In 1946 Italy became a republic and the “Regia Marina” changed its name into “Marina Militare”. After joining NATO (1949), ITN naval role changed dramatically, becoming the link between Europe, North Africa and the Middle East.

Since then, the Italian Navy has been involved in many initiatives: protection of sea lanes of communication, coastal defense and mine countermeasures operations, control of migration flows and fishing activities. Manifold have also been the international theatres where the Italian Navy has been playing a key role, taking part proactively in NATO- and UN-led operations: Lebanon, Red Sea, Persian Gulf, Somalia, Adriatic Sea, Afghanistan, Horn of Africa, Indian Ocean, just to name a few.

In the last decades, the Italian Navy fleets has undergone a profound upgrading made possible by the progressive introduction of new sophisticated helicopters, state-of-the-art systems, sensors and equipment, missile destroyers, radars and fighters.

 

21st Century Navy: The Challenges Ahead

The ongoing modernization of the ITN fleet promotes the industrial excellence and competitiveness in strategic sectors, such as energy, shipbuilding, engineering and automation.

Mention is to be made of a number of eco-friendly initiatives to face modern-day challenges. Within the Green Fleet Project, research is being carried out on innovative  ecological bio-fuel to propel naval vessels.
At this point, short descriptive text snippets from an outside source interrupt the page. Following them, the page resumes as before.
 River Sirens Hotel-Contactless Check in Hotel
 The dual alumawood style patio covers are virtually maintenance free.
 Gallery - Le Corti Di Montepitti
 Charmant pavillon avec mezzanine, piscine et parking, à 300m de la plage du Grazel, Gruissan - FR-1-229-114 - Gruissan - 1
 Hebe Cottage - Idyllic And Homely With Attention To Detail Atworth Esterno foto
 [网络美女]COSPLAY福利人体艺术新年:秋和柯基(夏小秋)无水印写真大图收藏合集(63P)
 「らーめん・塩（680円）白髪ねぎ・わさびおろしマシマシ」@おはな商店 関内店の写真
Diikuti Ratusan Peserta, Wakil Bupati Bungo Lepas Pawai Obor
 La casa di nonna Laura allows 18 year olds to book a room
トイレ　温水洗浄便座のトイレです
The Green Fleet Project provides for:

  • 2016 – Green Fleet at sea: a formation of naval units powered by 50% alternative fuel;
  • 2020 – A 40% carbon and air pollutants reduction compared with current levels.

The Green Fleet will include:

  • New units, currently under study according to the most innovative design parameters;
  • The existing units will undergo specific interventions on energy requalification.

In the future, eco-efficient military units will allow to lower the use of oil delivered fuel, thus contributing to meet the international EU requirements, as well as our National Energy Policies, concerning the reduction of air pollutant emissions.

Other eco-friendly initiatives will involve the adoption of antifouling products based on silicone rubber to coat ships’ bottoms and the testing of fluorine-free foam for fire-fighting systems.

 

Dual Use Vessels

More and  more frequently, the naval instrument is called to take non-military actions: from civil protection intervention, to disaster relief, to the safeguard of human lives at sea and the maritime environment.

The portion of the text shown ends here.